Foi então em Cabanas de Viriato, local da arruinada casa de Aristides de Sousa Mendes, que a realizadora encontrou o arquiteto norte-americano Eric Moed, “bisneto de alguém a quem Aristides passou um visto”. “Decidiu que não havia algo tão direto e interno, para ele, como apontar para a existência de uma causa” – sendo essa causa o estado de abandono e precariedade da casa do celebrado diplomata português.

Mas Eric não era o único descendente de pessoas assistidas por Aristides presente na instalação. As entrevistas sucederam-se e o pano de fundo da instalação, composta por imagens dos sobreviventes da perseguição, ajudou a dar forma a um documentário que Priscilla elaborou – “I Am Alive Thanks to Aristides de Sousa Mendes” (ver trailer em baixo) para “consciencializar as pessoas do abandono, não só da casa, mas também da memória das ações” do cônsul de Bordéus. Em duas semanas, o documentário estava pronto, mas faltava o segundo salto, tão difícil no contexto do cinema em Portugal: a distribuição.

Passar a palavra

Foi em brainstorm com André Vieira, a outra metade da Lula Gigante Produções, que surgiu a ideia de obter financiamento para a distribuição através de crowdfunding. Mas a verdade é que se tratou de um caso atípico, visto que o financiamento foi procurado para um produto já acabado. Ainda assim, a campanha no Indiegogo chegou a bom porto.

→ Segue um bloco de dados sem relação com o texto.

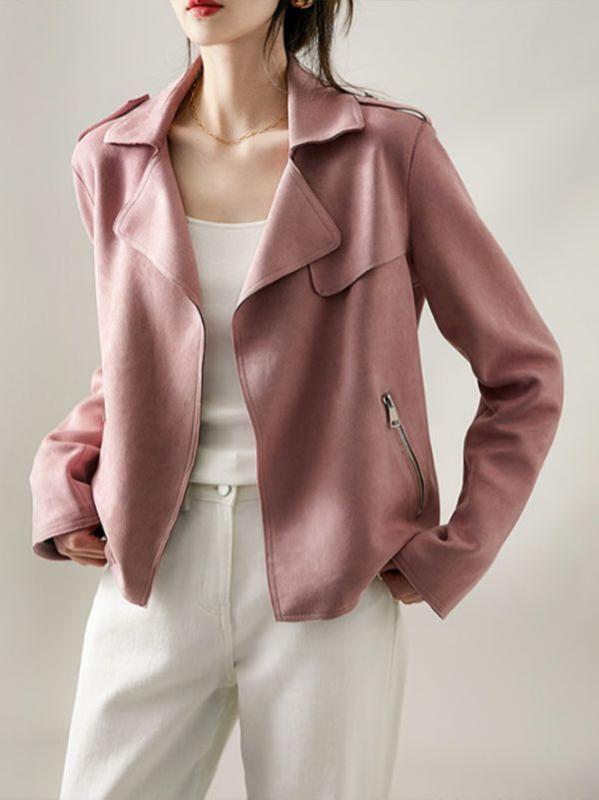 レディース アウター 秋冬 エコスエード ライダースジャケット ショート丈 長袖 無地 切り替えデザイン 軽量 イージーケア カジュアル ..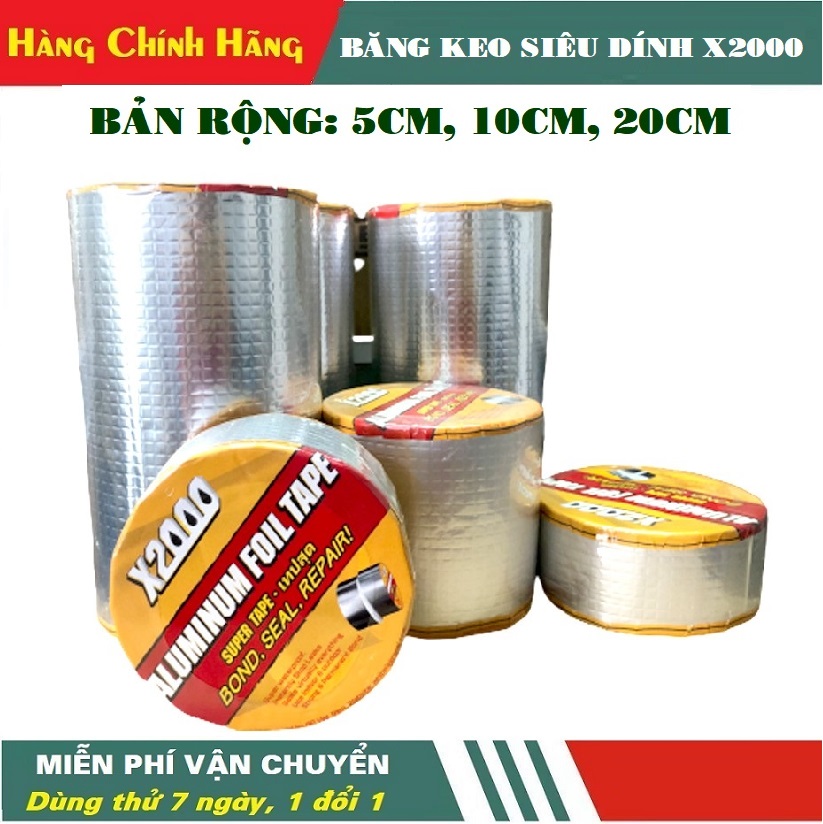 (Loại khổ 20cm x5m 10cm x 5m or 5cm x 5m) Keo chống thấm nước X2000 Băng keo chống thấm Nhật Bản X2000 Keo dán chống thấm nước Băng Keo | chống thấm - chống dột - siêu dính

Desta experiência, Priscilla retira valor, sobretudo da dinâmica que se gerou enquanto os fundos eram angariados: “Enquanto as pessoas contribuíam, algumas enviavam e-mail a procurar saber mais sobre o tema, mas quando a campanha acabou houve cada vez mais contactos de pessoas a dar ideias sobre como difundir o projeto”, num “diálogo em tempo-real que nunca teria acontecido sem o crowdfunding“, revela, ao JPN.

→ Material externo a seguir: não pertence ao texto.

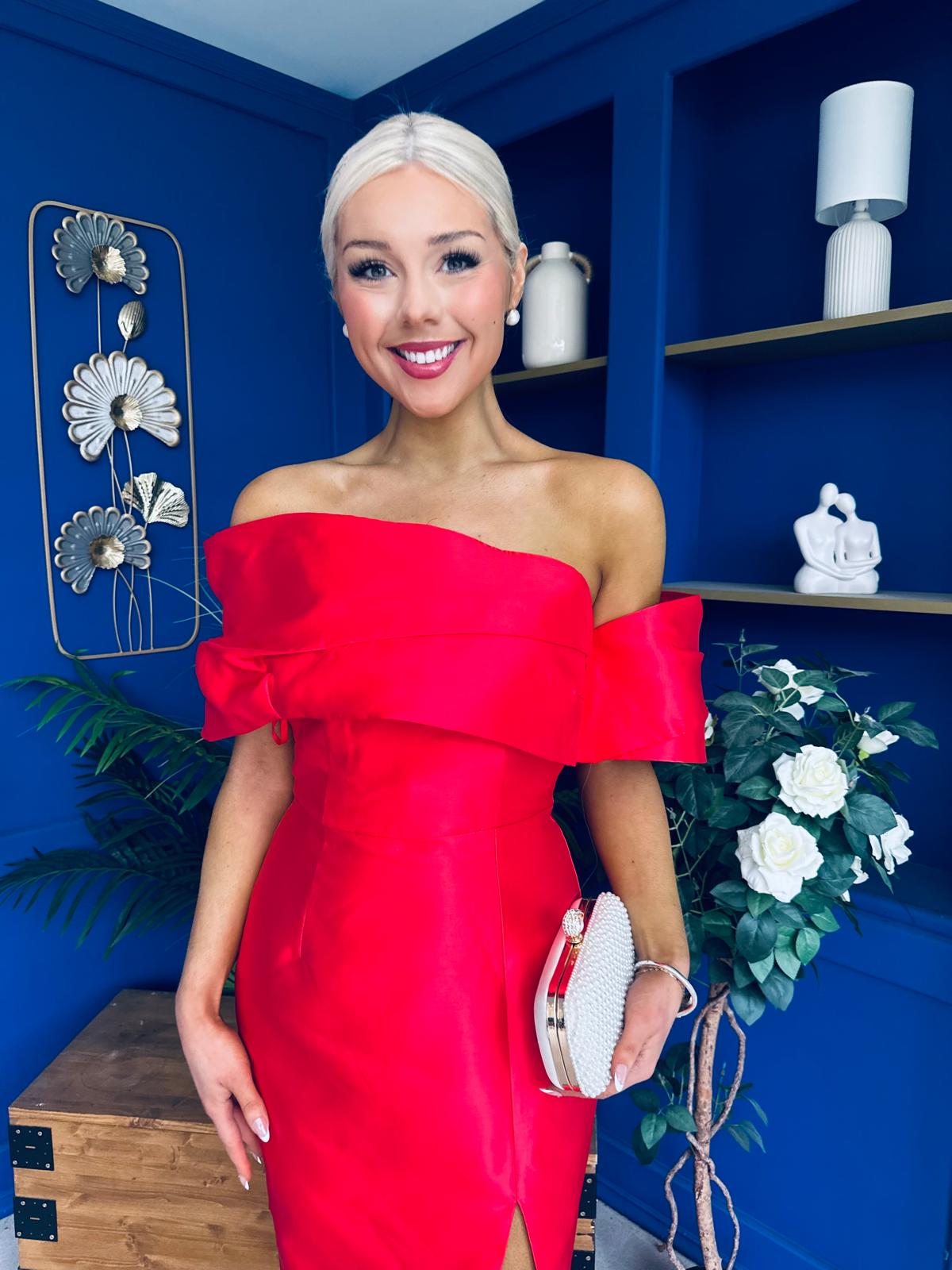 Dana One Shoulder Occasion Dress Red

Uma dessas pessoas foi um descendente canadiano de alguém assistido por Aristides de Sousa Mendes, que fez questão de se reúnir com Priscilla e o pai a propósito do documentário. Desta vez, a sugestão foi não apenas para procurar mais distribuição para o documentário já elaborado, mas para pensar num novo documentário, mais ambicioso, a ser realizado. A ideia já tomou raíz nos planos da realizadora.

Outra pessoa que também mencionou essa possibilidade foi Olivia Mattis, diretora da Sousa Mendes Foundation (e descendente de 12 familiares salvos pelo cônsul). O grupo de fundações com o nome de Aristides de Sousa Mendes (uma em Portugal, uma em Nova Iorque e Canadá, e outra em Bordéus) foi instrumental na ajuda à distribuição. Assim que ficaram prontas as cópias em DVD, a Sousa Mendes Foundation foi a primeira a assistir com exibições em Nova Iorque nos seus próprios espaços. Neste momento, há perspetivas de o documentário entrar em circulação em algumas escolas nos Estados Unidos.